However, withdrawing money abroad isn’t quite the same as doing it at home. If you’re not careful or thoughtful about it, you might end up losing money. So here are seven useful tips that will allow you to maximize each transaction and avoid unnecessary hiccups.

1. DO create a travel account.

This is something I planned a long time ago. When I realized I would be traveling A LOT, I decided to set up a travel account.

What is a “travel account”? Basically, it’s a separate ATM account that I use when I travel. I have at least two bank accounts: one where I put my savings, which we shall call “Savings Account” and the other is where I put money that I will spend when traveling, which we shall call “Travel Account.”

There are many benefits of having these two accounts. The Savings Account is a passbook account where my life savings are. This is also where my salary goes every payday. This is also what I use when applying for a visa.

The Travel Account is what I use when I travel. It doesn’t have as much funds. But before every trip, I just usually transfer money from the Savings Account to the Travel Account. Here’s why:

  • If you lose your ATM card or the account gets compromised, you’re not putting your savings in danger.
  • Having a separate bank account for travel gives you more control of your expenses during the trip. It allows you to watch your spending more closely. For example, if you have a P50,000 budget for a trip, every time you withdraw cash, you’ll be reminded how much money you have left for this trip. It’s more psychological. It’s like playing mind games with myself, hahaha. But it works for me.

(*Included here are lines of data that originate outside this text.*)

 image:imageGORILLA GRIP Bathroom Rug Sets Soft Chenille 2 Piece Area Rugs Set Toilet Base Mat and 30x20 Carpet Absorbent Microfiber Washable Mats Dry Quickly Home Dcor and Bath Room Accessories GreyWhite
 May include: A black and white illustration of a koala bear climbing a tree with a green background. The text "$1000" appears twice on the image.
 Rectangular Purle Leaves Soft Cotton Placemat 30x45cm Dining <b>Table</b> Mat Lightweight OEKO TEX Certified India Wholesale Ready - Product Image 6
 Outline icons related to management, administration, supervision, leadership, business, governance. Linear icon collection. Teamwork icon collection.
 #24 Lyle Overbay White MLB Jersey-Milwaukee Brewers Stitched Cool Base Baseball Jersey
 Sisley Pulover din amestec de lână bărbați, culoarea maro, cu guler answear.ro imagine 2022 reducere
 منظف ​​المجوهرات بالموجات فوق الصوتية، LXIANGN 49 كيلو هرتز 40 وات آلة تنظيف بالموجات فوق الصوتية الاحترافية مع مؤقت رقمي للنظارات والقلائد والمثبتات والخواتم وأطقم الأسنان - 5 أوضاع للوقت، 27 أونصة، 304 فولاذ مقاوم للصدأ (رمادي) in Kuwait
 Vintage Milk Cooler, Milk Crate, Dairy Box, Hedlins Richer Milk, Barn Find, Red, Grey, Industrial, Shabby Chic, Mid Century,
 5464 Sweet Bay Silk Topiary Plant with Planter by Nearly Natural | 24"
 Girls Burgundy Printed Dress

I only bring my Travel Account’s ATM card when I travel. If your Savings Account has an ATM card too, keep it somewhere safe.

2. DO call your bank before the trip.

Once upon a time, I failed to inform my bank that I would be traveling to Greece. It was a dream trip for me. I was really excited. When I landed at Athens airport, the first thing I did was try to withdraw cash. And just like that, my ATM card was blocked. Thank God I was traveling with Vins at the time. He shouldered all my expenses until I had it sorted out.

If you plan on using your ATM card abroad, it is important to let your bank know. Without filing an advisory, the bank will think that you’re still in your home country and that your transactions abroad are suspicious, which can lead to a deactivation of your card.

3. DON’T use non-bank ATMs.

If you’ve been to Europe, you might have noticed a lot of non-bank ATMs or bankomat everywhere. Like, EVERYWHERE. In every airport we landed at, in every tourist spot we visit. And it’s sad because they rip off unsuspecting tourists.

Many non-bank cash machines allow you to withdraw money conveniently, yes, but at a horrible rate. We tried it a couple of times when we first traveled to Europe and we never made that mistake again.

4. DON’T accept the Dynamic Currency Conversion

Some ATMs will offer you what they call “Dynamic Currency Conversion (DCC)“. It’s sometimes called Cardholder Preferred Currency (CPC). Don’t fall for it.

When you withdraw abroad, the ATM will ask you whether or not you want to be billed in your card’s original currency (PHP if your card is from the Philippines) or in the destination’s local currency. If you agree to be billed in your home currency, you’re letting them set their own exchange rate. This is where they will rip you off because they will use a bad exchange rate and sometimes add a markup or foreign transaction admin fees.

This is perfectly legal, but it sure feels like a scam!

So what should you do? Always select the destination’s local currency.

  • If you’re in Thailand and the machine asks, “Would you like to be billed in BAHT or in your card’s home currency?” Choose BAHT.
  • In Korea, if the machine asks, “Would you like to be billed in WON or in your card’s home currency?” Choose WON.
  • In Singapore, if the machine asks, “Would you like to be billed in SGD or in your card’s home currency?” Choose SGD.
In this example, if I chose to proceed with Dynamic Conversion, I would have lost P1200 for withdrawing 2000 Croatian kuna. That’s a lot of money.

Always decline the dynamic conversion. Always choose to be billed in the destination’s local currency.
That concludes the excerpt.